A one-year observational study was conducted at a 27 bed level III NICU at a university hospital. All healthcare workers employed at the NICU participated in the study. The use of bedside dispensers was continuously monitored and compliance with hand hygiene was determined by random direct observations.

Results

A total of 258,436 hand disinfection events were recorded; i.e. a median (interquartile range) of 697 (559–840) per day. The median (interquartile range) number of hand disinfection events performed per healthcare worker during the day, evening, and night shifts was 13.5 (10.8 - 16.7), 19.8 (16.3 - 24.1), and 16.6 (14.2 - 19.3), respectively.
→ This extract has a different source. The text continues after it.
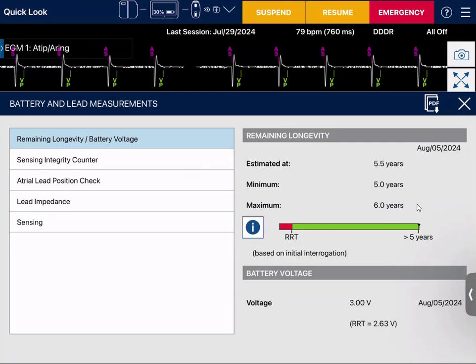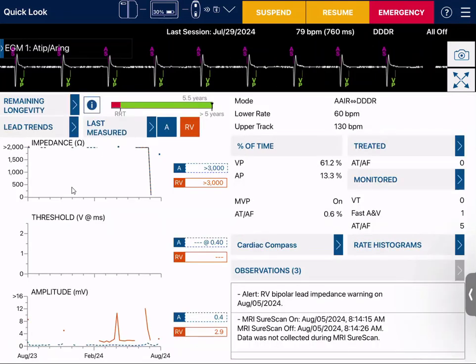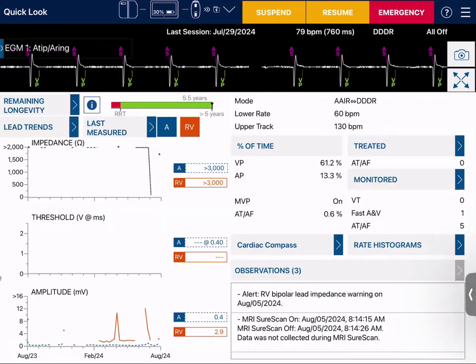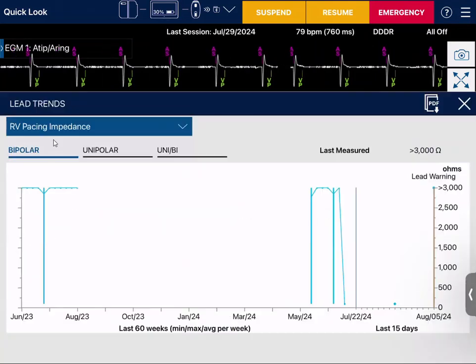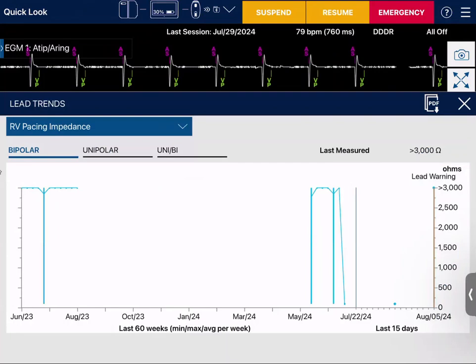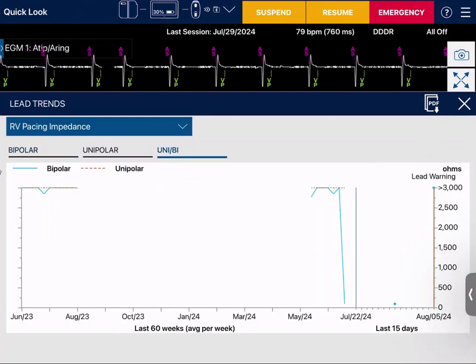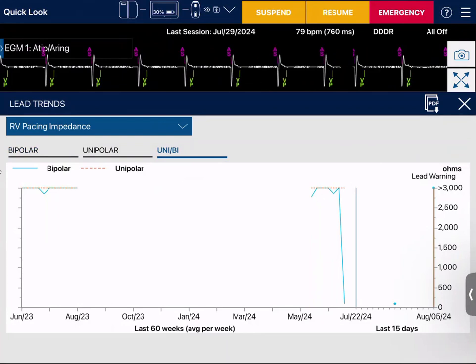Next, I'm going to look at my lead impedance trending on my quick look. I can also click where it says lead trend to pull up my impedance trends. I want them to be steady and stable over time — they should have a straight line coming across in both your bipolar and unipolar trending.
In 65.8% of the 1,168 observations of patient contacts requiring hand hygiene, healthcare workers fully complied with the protocol.

Conclusions

We conclude that the electronic devices provide useful information on frequency, time, and location of its use, and also reveal trends in hand disinfection events over time. Direct observations offer essential data on compliance with the hand hygiene protocol. In future research, data generated by the electronic devices can be supplementary used to evaluate the effectiveness of hand hygiene promotion campaigns.